We need to be looking for ways to keep those kinds of moments alive, and one might hope these confrontations would be ameliorating of our problems, perhaps leading to dialogue and the shaping of common cause within otherwise disparate groups of people.      

* * *

It does not speak well of Americans that we are living in a time when an interaction like this can only go in one of two directions, and where partisans of each side are clamoring to impose their sense of direction on the event.  It is integral to the health of the Republic that we find a way of building and sustaining avenues of dialogue and collective political action across boundaries like this. That cannot happen in a polity where the news media does not have the trust of the public.  And because all institutional action is mediated by the actions of individual people, a public without trust in its institutions is a public without trust among individuals.

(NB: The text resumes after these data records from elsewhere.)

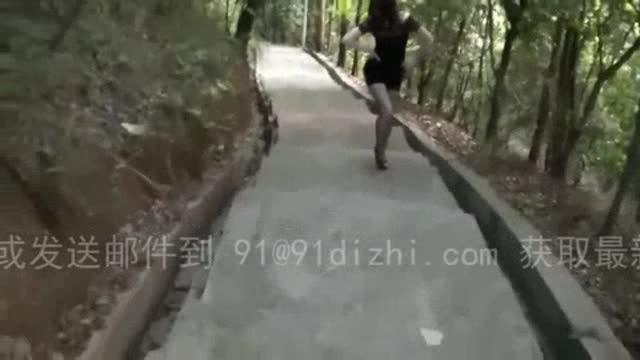 在山上凉亭野战对白淫荡下流完整版  在山上凉亭野战对白淫荡下流完整版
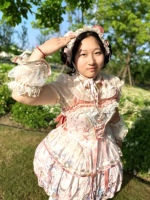 今天又和妈妈穿裙子出去了,活力鼠鼠才刚到不久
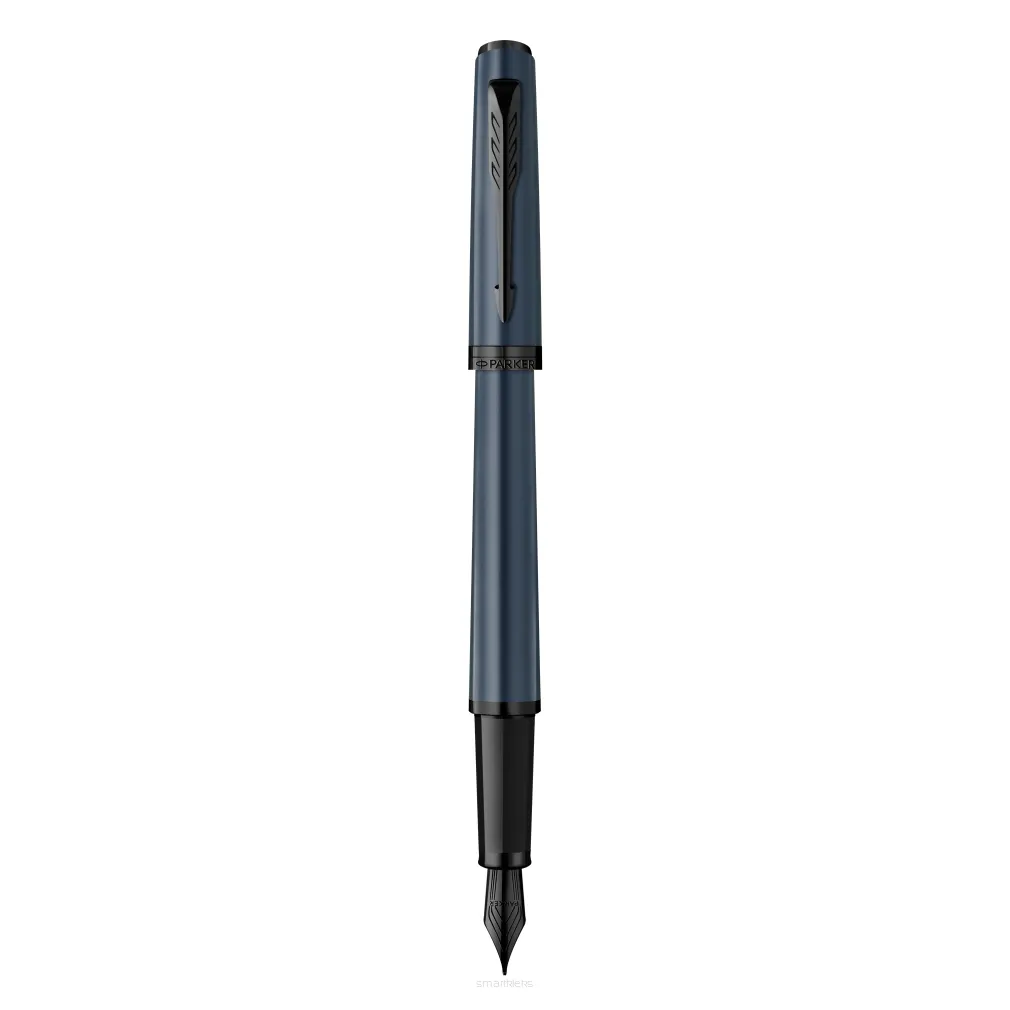 Parker Meridian Pióro wieczne Niebieski lakier z czarnymi wykończeniami Średnia końcówka 2247779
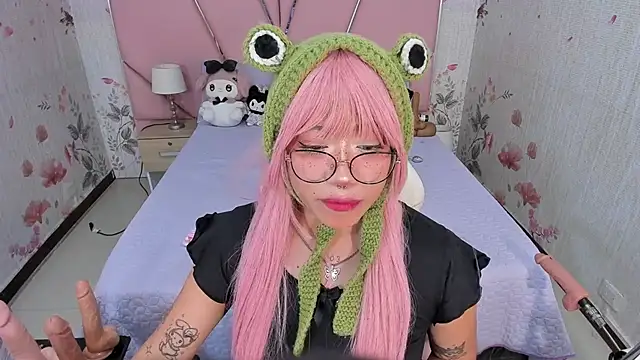 Snapshot of SafiroAgataaa chatting on 28, 11, 2025 SafiroAgataaa online show from 28, 11, 2025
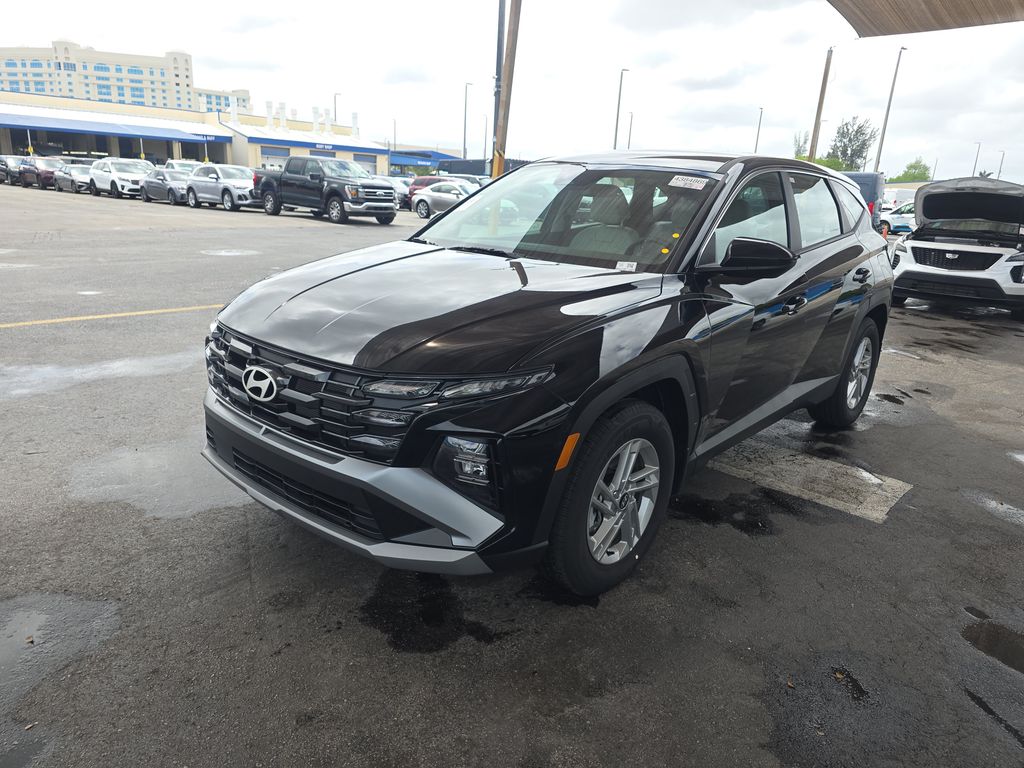 2025 Hyundai Tucson SE photo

The situation seems only to have worsened in the years since Trump’s election.  Distrust in news organizations appears to be stuck in a dysmorphic positive feedback loop fueled by changing distributions of advertising revenue, increasing reliance on video technology, the threat of selective editing, growing political polarization, the decentralization of content filtration, and the rise of an almost instantaneously globally connected online culture.  

These tendencies have led to an ecosystem of media consumption that feeds on and is fed by the baser elements of our social hindbrains.  I suspect that an interruption of this feedback cycle, to be lasting, will require collective intervention at a number of points. We clearly need both journalists who follow good practices in their profession and citizens who are able to critically evaluate what they are presented with, and so I will close on these two suggestions.  

Journalism schools, as institutions that oversee one of the bedrock professions of modern society, need to evaluate their role in an age where many journalists are either not formally trained or, where they presumably have had formal education in journalism (e.g. at The New York Times), are working under the pressure of accelerated news cycles.  There is some indication that these issues are getting more attention, both in the popular sphere and in academic publications, and one hopes this will translate to journalism schools taking a more proactive stance toward ethics in journalism in the 21st century.

We should likewise be providing children and young adults with the empathic socialization and critical reasoning skills that are needed to navigate the sort of world we’re creating for them.  In other places I’ve argued for the value of philosophical instruction in American secondary education.   American educators should also be giving more attention to high school courses like U.S. Political Thought and Radicalism in Worthington, Ohio.  That class, taught since the 1970s, provides senior students with the opportunity to speak with and listen to political extremists from across the spectrum.  The course is not for the faint of heart – past speakers have included Bill Ayers and Richard Spencer.

Whatever else we do, we should be pursuing methods of education that will equip American citizens with the social and intellectual resources required to exercise the collective self-government that is a guiding ideal of the American political identity.